Luis Barragán

Guadalajara, 1902- México DF, 1988

29/02/2000


La obra de Barragán se ha dado a conocer tardíamente. Su condición latinoamericana lo mantuvo fuera de los circuitos de la gran arquitectura, en la que sólo aparecían los llamados discípulos como Niemeyer, que era como un apóstol comunista de Le Corbusier. Poco a poco, a medida que se ha ido haciendo políticamente correcto contar con algún hispano que otro, hemos encontrado plausible al mexicano de los colorines. Poca obra, pero con las características recisas para el papel couché: original, típica e interesante. Por el contrario, El Coyote, un contemporáneo suyo, fue muy popular en su tiempo. Cuando se publicó la obra de Barragán ya nos habíamos olvidado del héroe.

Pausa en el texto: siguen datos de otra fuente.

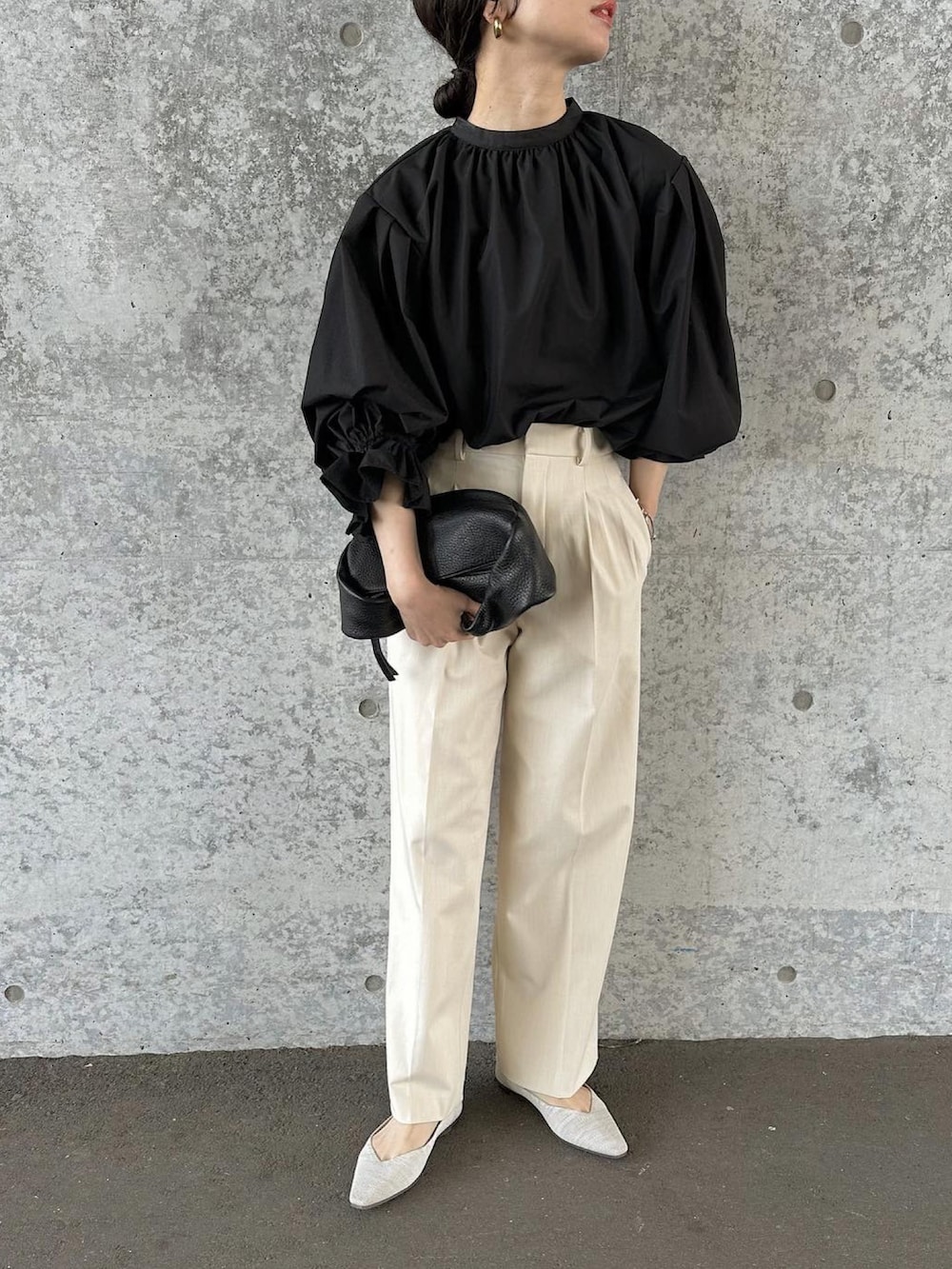 ベージュ系のその他シューズ、ブラック系のシャツ/ブラウス、グレー系のパンツを着用したレディースの春コーディネートの4枚目の写真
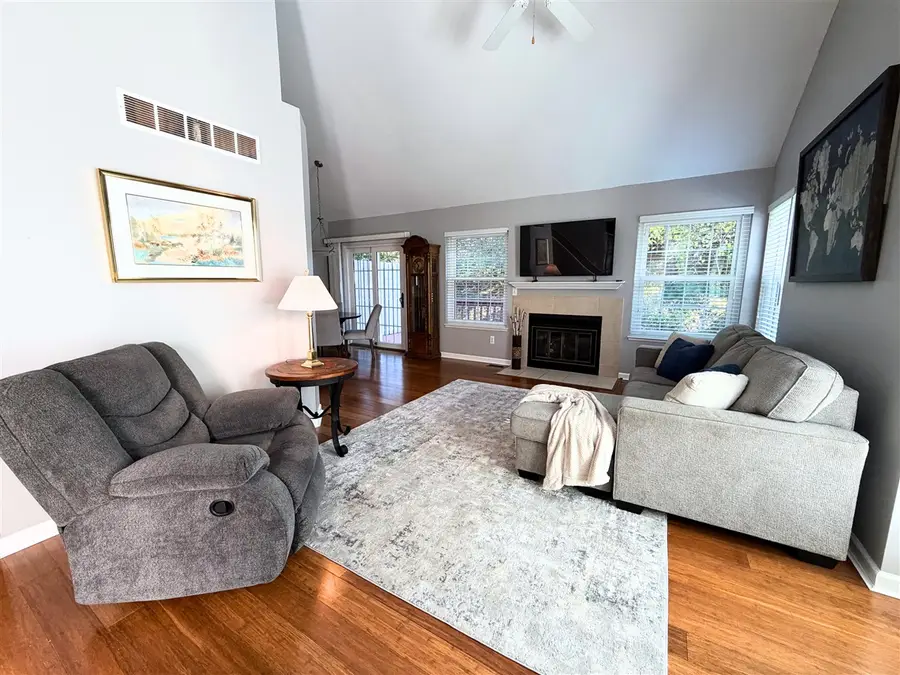 843 Whisperwood, Fenton, MI 48430 - Image #3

Tenía su tebeo propio y le escribía los guiones José Mallorquí. Pero eso era en mi niñez, y estábamos tan lejos del estado de las autonomías que ni siquiera nos dimos cuenta de que Mallorquí quería decir mallorquín en esa lengua. El Coyote era un héroe local, bandido generoso, que se parecía sobre todo al Dick Turpin de los folletos que leía mi hermano mayor. Yo no leía ésos porque eran todo letra con alguna ilustración, al contrario de los tebeos del mexicano. 

Los colores de Barragán pedían un cómic en colores; al Coyote, en cambio, le va bien el blanco y negro porque negros son el traje, el sombrero, el bigote y el antifaz. La escena se desarrolla en la Fuente de los enamorados, una composición arquitectónica perfecta de su época, con el muro acueducto y la cascada sobre el pavimento, y con los pesebres de madera transformados en personajes al hincarlos verticalmente en el suelo. La Fuente pertenece a una sensibilidad de los sesenta, del objet trouvé y de las calidades trabajadas por el tiempo. Y una arquitectura de volúmenes sólidos pero teñidos de colores, que marcan sombras llenas de luces reflejadas, como en los murales de Vaquero Turcios. Los malos amenazan al arquitecto y al bandido, que se protegen detrás de las gamellas enamoradas. El Coyote los rechaza, y Barragán se asombra de verse envuelto en el tiroteo folklórico de un dibujante español de los cincuenta, además de descubrir que Coyote no comprende lo del objet trouvé ni la poética de la fuente. La gamella de Barragán me recordaba al sarcófago de Tintín en Les cigares du Pharaon, y le pinté el signo de Ki-Oskh.